Nano-ballet

Recently we attended the San Francisco Ballet’s Program 2, which opened with Mozart’s “Divertimento 15” and choreography by Balanchine, continued with Mark Morris’ “Drink to me only with thine eyes” on piano etudes by Virgil Thomson, and closed with Stravinsky’s “Firebird” and the original Diaghilev choreography by Possokhov.

I’m not a dancer, I’m a musician, and my reaction to the program can be summed up as briefly as: “I’m a hopeless modernist.”

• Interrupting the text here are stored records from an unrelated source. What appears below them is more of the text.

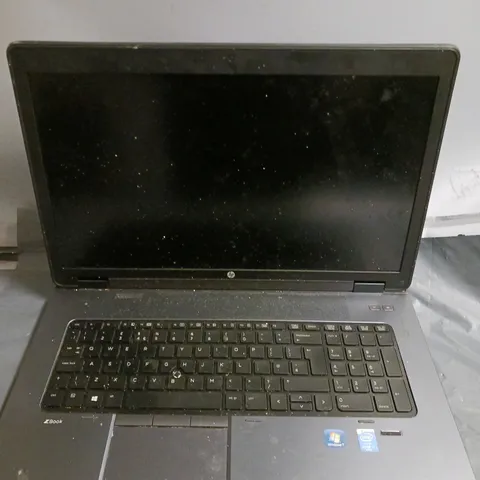 HP ZBOOK 17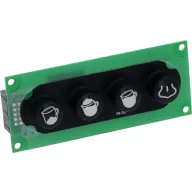 NYOMÓGOMB PANEL 4-GOMBOS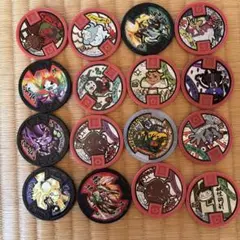 妖怪ウォッチメダル 16個セット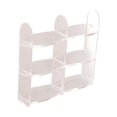 thumbnail image 4 of 1:12 Dollhouse Miniature Model Storage Shelf, Doll Accessories Decoration, Pretend Play Acrylic Storage Rack for Living Room, Home B, 4 of 7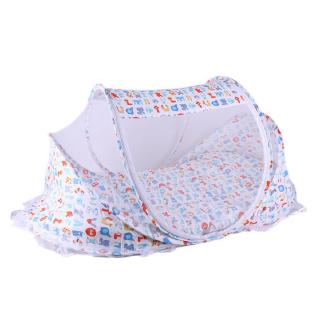 Baby Bayi Comforter Bed KelambuBantal Mosquito Net Kelambu Bayi Berserta DenganCrib Mosquito Cover Folding Mosquito Net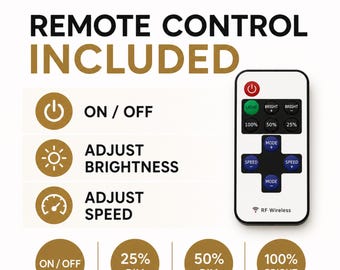 Opção de atualização para controle remoto | Controle regulável para luminárias de parede Nuriva | Somente como acessório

The Mozart was performed well and the dancing was lovely, but all I got out of it was, “Oh, look at the pretty dancers. Oh, hear the pretty music. They make it look and sound so pretty and easy. Ho-hum. Zzzzzz.” Honestly, I think I would have gotten more out of the music if the dancers hadn’t been there doing their repetitive arm-y fluff-y things every beat. They made pretty shapes, sure, they looked graceful, and for the first movement, it was all very pretty. After that I was bored silly. My dancer mate Victoria loved it. (I’ve lived with ballet dancers. I’ve roomed with them at summer camps. I’ve learned all about toe-tape and how broken dancers are from all the crazy stuff that they have to make look easy and natural. I have tremendous respect for the accomplishment of it all, and then I’m bored.)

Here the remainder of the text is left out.